We have proposed a sensitive quantitative metric of edema severity that can be extracted from CT imaging at variable time points after stroke (9). This leverages the reciprocal biologic relationship between increase in brain volume due to swelling and proportional decrease in CSF volume as compensation. CSF is pushed out of hemispheric sulci, cerebral ventricles, and the basal cisterns as edema develops in the hours and days after stroke. The reduction in CSF volume precedes the development of midline shift and clinical worsening due to edema. We demonstrated that the volume of CSF displaced up to the time of maximal edema closely correlated with extent of midline shift.

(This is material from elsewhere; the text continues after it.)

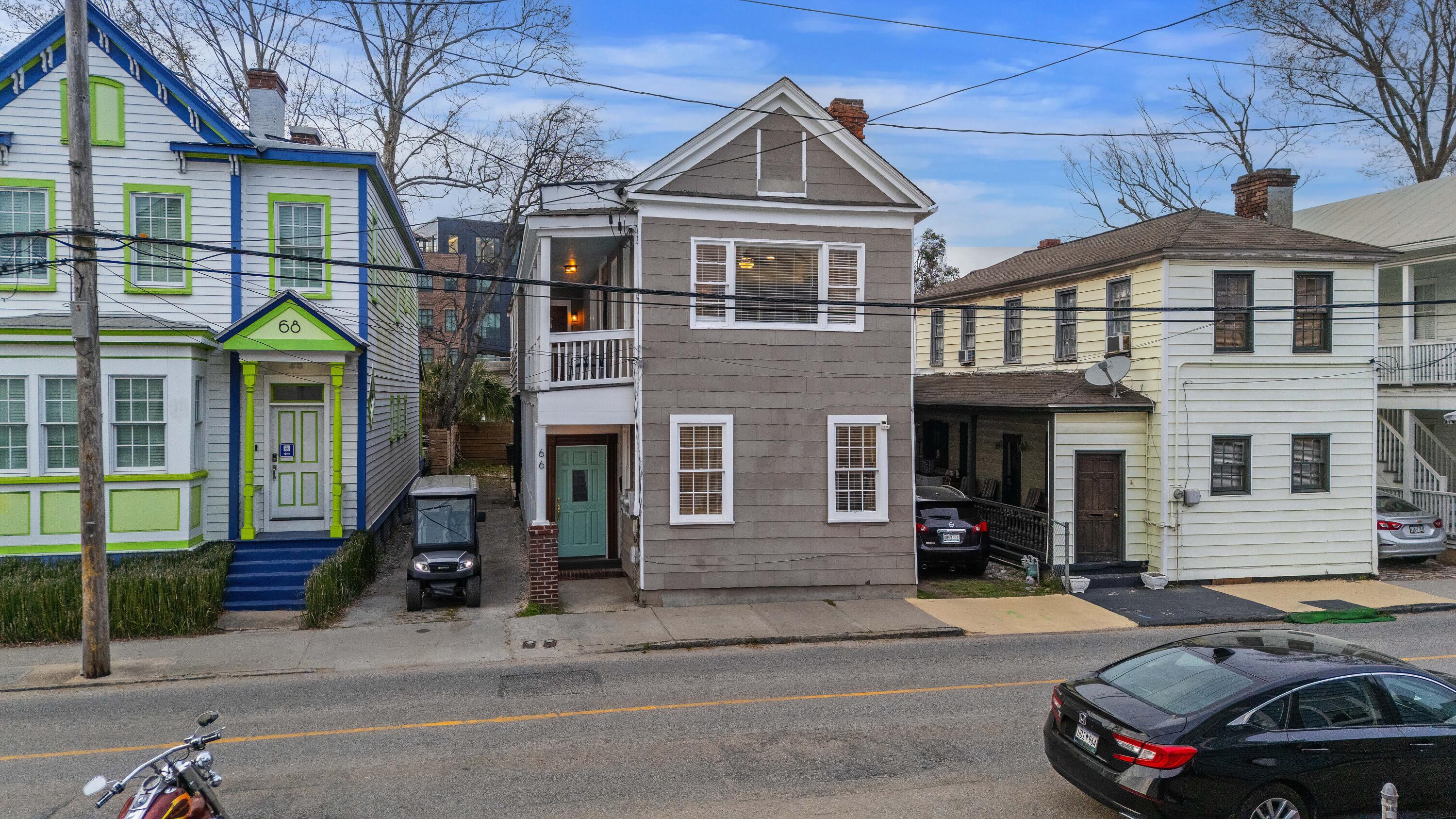 66 Line Street Charleston SC 29403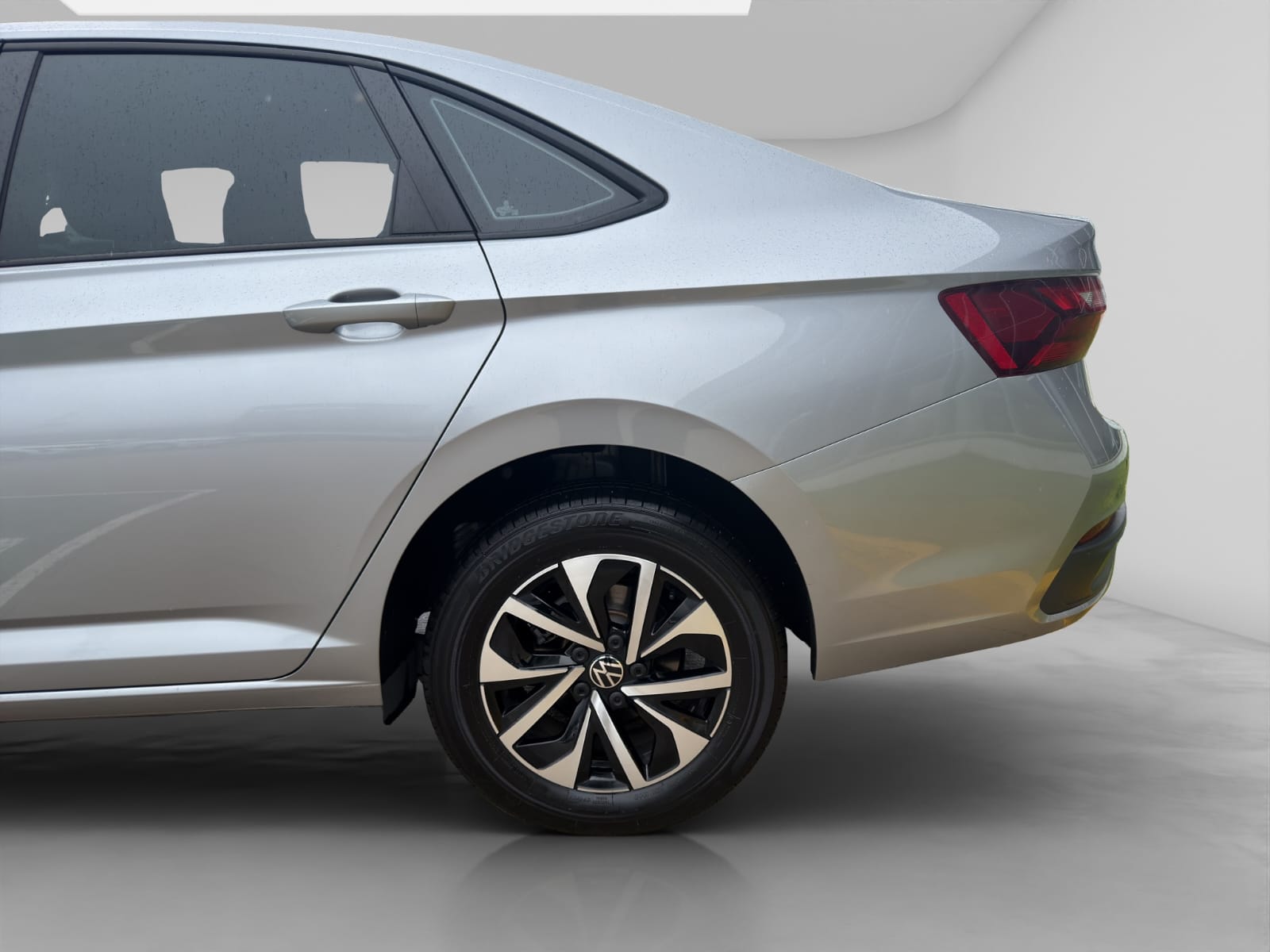 2026 Volkswagen Jetta 1.4 Comfortline At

We have also developed an automated algorithm to segment CSF from CT scans of stroke patients (10). This critical step employed random forest-based machine learning (ML) trained on manually delineated scans. Features integrated into the ML platform include Haar-like patterns of pixels. This supervised learning approach was able to rapidly and reliably measure CSF volume on serial CT scans from two sites in our preliminary testing, performing significantly better than simple threshold-based models for CSF segmentation which were confounded by density of infarction mimicking CSF. Correlations of automated CSF volumes to ground-truth values exceeded 0.95, with volumes that closely approximated actual CSF values after active contour refinement. This automated approach facilitates the translation of this metric to studies evaluating edema in large numbers of stroke patients. Exploring the variability in quantifiable edema severity between patients will not only unlock opportunities for precise prediction of malignant edema at earlier time points but also provide the basis for understanding the genetic basis of cerebral edema. Such studies require thousands of stroke patients with serial imaging to undergo CSF-based edema measurement. We now present a proof-of-principle application of a processing algorithm capable of handling large datasets of CT scans and extracting CSF volumes for such analyses.